One of the other problems is the cost of some of the medicine that is out there... why can we not have some negotiation with the companies... why does it cost us 25X here and only X in Canada or England....

It's cost shifting on a national level. We pay the higher price because we can. They pay the lower price because they won't pay the higher price.
 
...because companies who are paying for employee health care have higher overhead, making them less competitive in the world market. (i.e. Caterpillar's recent earnings write-down to cover higher health care costs)This debate isn't defined to the US; it affects every company's operating costs. Whether you are local, national or global you need a level playing field to compete. Unfunded mandates do nothing to adresss this.

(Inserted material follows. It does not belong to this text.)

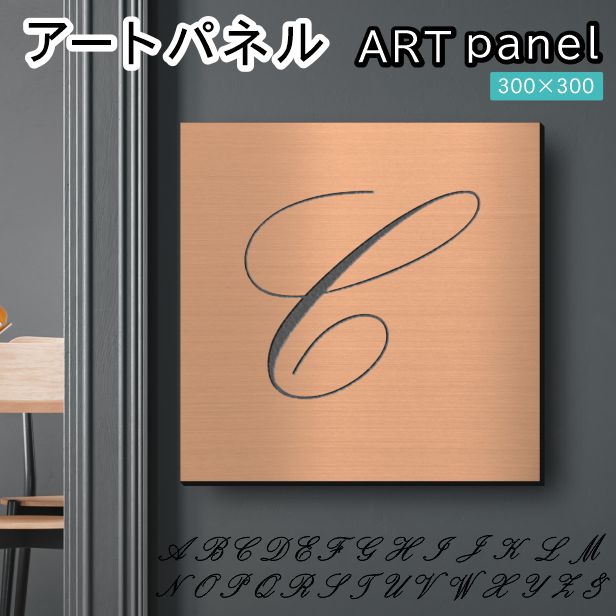 アートパネル art panel【C】モダン おしゃれ 壁掛け イニシャル アルファベット アートボード 金属風 art board インテリア 銅板風 ブロンズ 銅 軽くて丈夫 アクリル製 正方形 筆記体 ピンフック対応 wall hanging 簡単取付 日本製 宅配便(配送4)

That's why it is a big deal.

The problem is, if the companies decide to not pay for health care it gives them an advantage in the world market place. At the same time they just cut the compensation packages for all of their employees. They could just as easily cut the pay and receive the same benefit. They don't because people would stop working for them. What would you (not you specifically, but you the forum) do if when you were working your boss told you instead of your typical 1-2-3% pay raise this year you were going to take a $2k-4k-5k-10k pay cut because now you had to provide your own health insurance? You will not receive an amount equal to the cost of your insurance for a raise because taxes will be paid on your pay raise, and the company penalty has to be paid, and if it a zero sum issue there wouldn't be any advantage gained by the employer so there would be no incentive to change.
 
The problem is, if the companies decide to not pay for health care it gives them an advantage in the world market place.

Only because our laws have skewed what would normally be the case.

Fact: There's no law saying any private company has to provide any health coverage. So, why do they do it? Because it helps them attract the best employees. Why don't they just pay people more instead of buying them this one particular service? Because companies can get the insurance cheaper than the employees can buy it--because they can do it with "before tax" money and because they can get group rates from insurers.

These are the only reasons employers even bother supplying insurance. Those who cut this benefit will have to offer some amount of higher pay or other benefits to attract the present quality of employees, they won't just pocket all the money. (But, under the newly-passed law, the taxpayers will help subsidize this employer behavior by giving checks to workers to be used in the purchase of individual policies. As taxpayers, we will be in the position of helping employers provide compensation to their workers--hmm, there's a word for that . . .). At present, if the employers could offer lower compensation packages and achieve the desired result in attracting/keeping employees, they would (and should) be doing it already.

The present system actually benefits employers--at allows them to provide compensation (health insurance) to employees at a discount cost (compared to what the employee would have to pay--which is the value of the benefit to the employee, provided he would need/buy the insurance).

If we set up a system where people could buy individual policies at a standard (group) rate, and if we treated people and corporations the same in our tax code with regard to the purchase of health insurance, we'd quickly eliminate the dumb present link we have between employment and health coverage. But we'd have to address the adverse selection issue as well.